Dans la rue, à hauteur du lobby, l’explosion d’une tonne de TNT – du jamais-vu à Beyrouth – a ouvert une tranchée de 3 mètres de profondeur sur 13 mètres de large. L’attentat, le jour de la Saint-Valentin, a fait 20 morts, 200 blessés et assassiné l’ancien Premier ministre Rafic Hariri. Entre le vieux palais ravagé par la guerre et l’Hôtel Saint-Georges dévasté par l’explosion, il y a 50 mètres à peine et trente ans, le temps d’un soupir de paix. Deux ruines, côte à côte, et le sentiment d’une régression archaïque.
Ce matin du 14 février 2005, Rafic Hariri ne pense qu’aux élections à venir. Il va les gagner, il le sait. Assis à une table du grand café Etoile, face au Parlement, Abdoul Hadi Mahfouz, président du Conseil national de l’Audiovisuel, voit arriver «un homme très à l’aise, en costume bleu et chapelet d’ambre à la main, détendu et sûr de lui». Pas un mot sur l’article du journal saoudien « Al-Hayat » qui, la veille, a annoncé la possibilité d’attentat contre sa personne. Rafic Hariri se montre prudent avec l’opposition, conciliant avec les Syriens et joue à fond son rôle d’homme de compromis du Liban. Les journalistes présents sont sous le charme : cet homme est un mystère d’équilibre.

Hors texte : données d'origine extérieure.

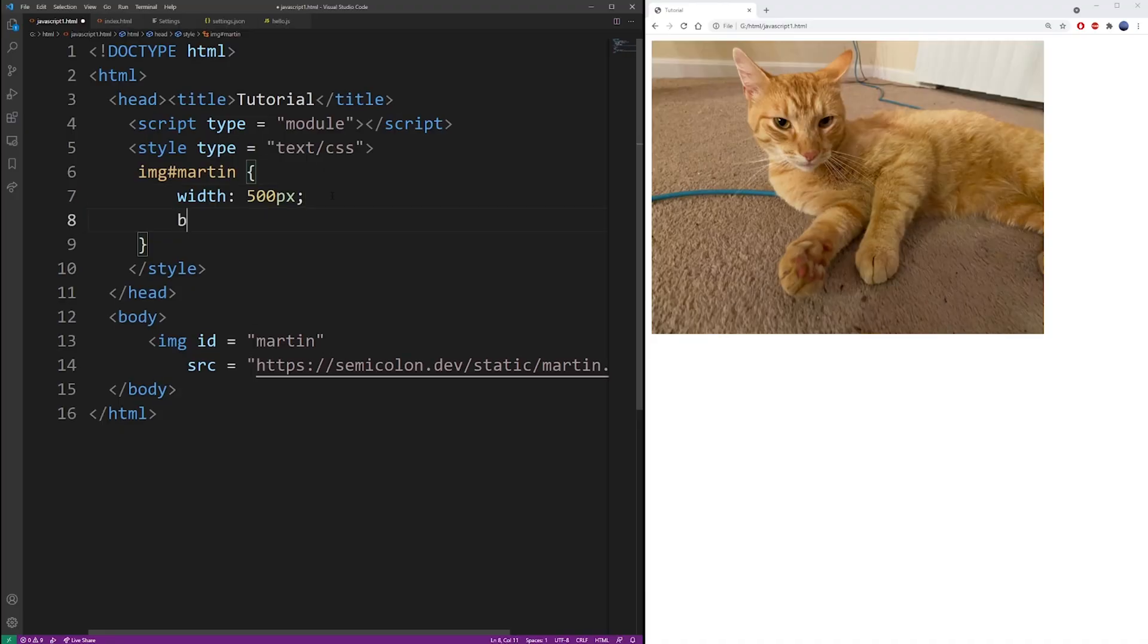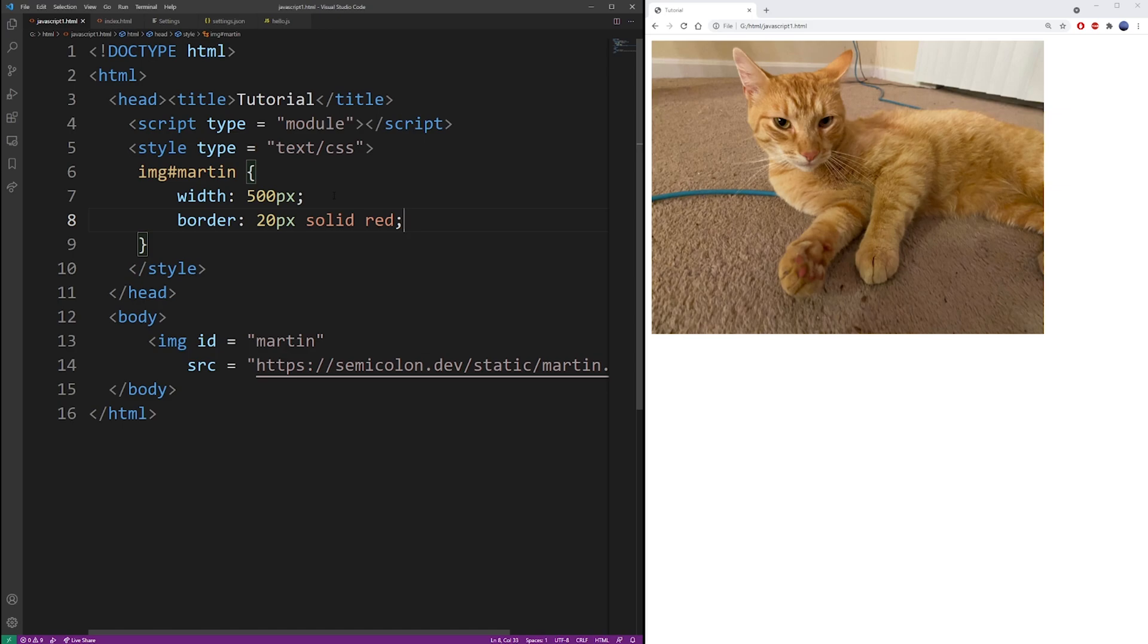I already have my image in the browser, so to add a border, use the border property, use the width of the border, use the solid keyword, and then specify the color.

Fils d’un paysan du Sud-Liban, devenu milliardaire du bâtiment, protégé du roi Fahd qui lui a octroyé la nationalité saoudienne, deux fois Premier ministre du Liban, apprécié des Occidentaux, de l’Irakien Iyad Allaoui, et ami de Jacques Chirac, musulman sunnite pieux mais tolérant, il a une carrure de lutteur et un sourire charismatique, le corps lourd et la démarche légère. L’homme ne cesse de plier sans jamais rompre, manie l’argent comme un argument politique, sort de la guerre du Liban sans sang sur les mains et dirige un pays de clans à l’italienne comme une société immobilière.

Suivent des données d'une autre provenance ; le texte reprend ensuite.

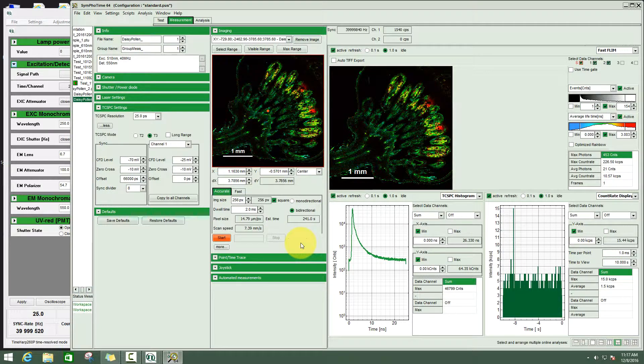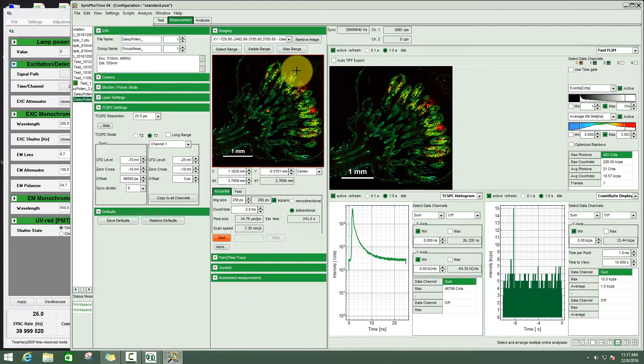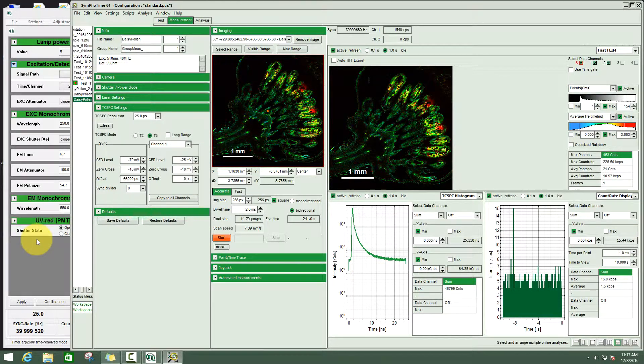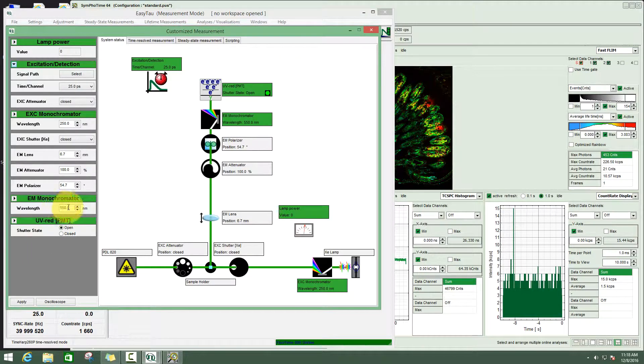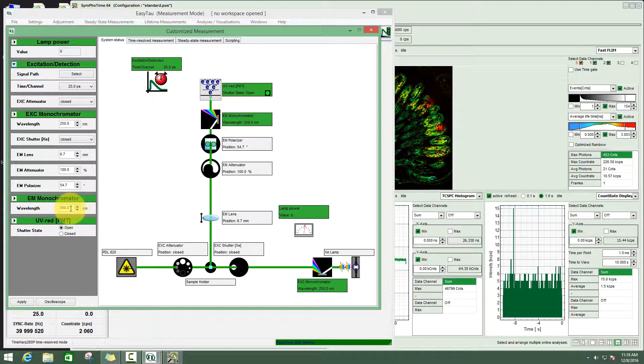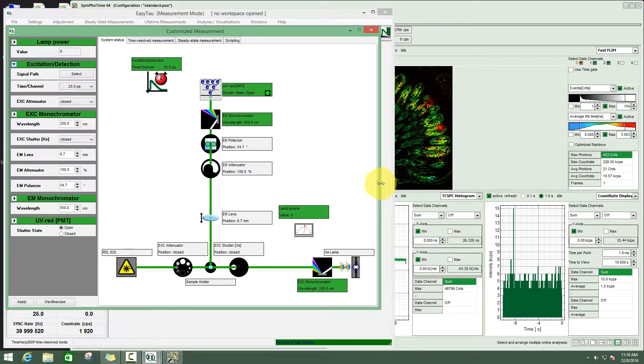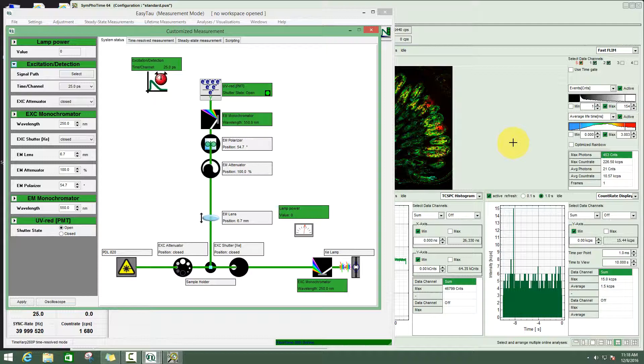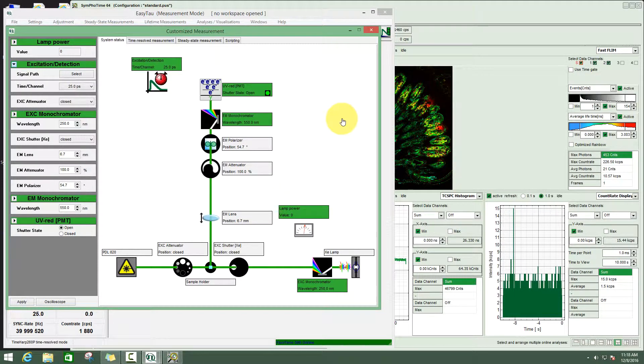Now we have several possibilities to continue. We can, for example, take the same area, change here the grating of the emission monochromator, and take another image with different emission wavelengths and get a series of images acquired at different emission wavelengths. Some kind of time resolved emission imaging.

Le nouveau quartier Solidere, l’aéroport, la pompe un brin vulgaire de Beyrouth, la monumentale mosquée dont il a choisi jusqu’à l’épaisseur du tapis, le dynamisme des affaires et de la politique, la reconstruction du Liban, c’est lui. Son rêve : réussir le grand compromis, d’abord entre tous les partis libanais, puis entre le Liban et la Syrie, et jusqu’au Moyen-Orient.
Il est 12h50, son convoi l’attend pour le reconduire à son palais de Koraytem entouré de douze gardes du corps, quatre policiers libanais, six voitures dont la sienne, blindée, une Chevrolet-ambulance et trois Mercedes équipées de brouilleurs. Six minutes plus tard, au grand café Etoile, les consommateurs pestent contre ce qu’ils croient être un jet israélien qui passe le mur du son. Devant l’Hôtel Saint-Georges, il n’y a plus qu’un énorme trou, un enchevêtrement de voitures calcinées, du sang et des corps mutilés, un quartier dévasté, de jeunes Libanais paniqués et d’autres, plus vieux, qui regardent l’apocalypse avec un air de déjà-vu.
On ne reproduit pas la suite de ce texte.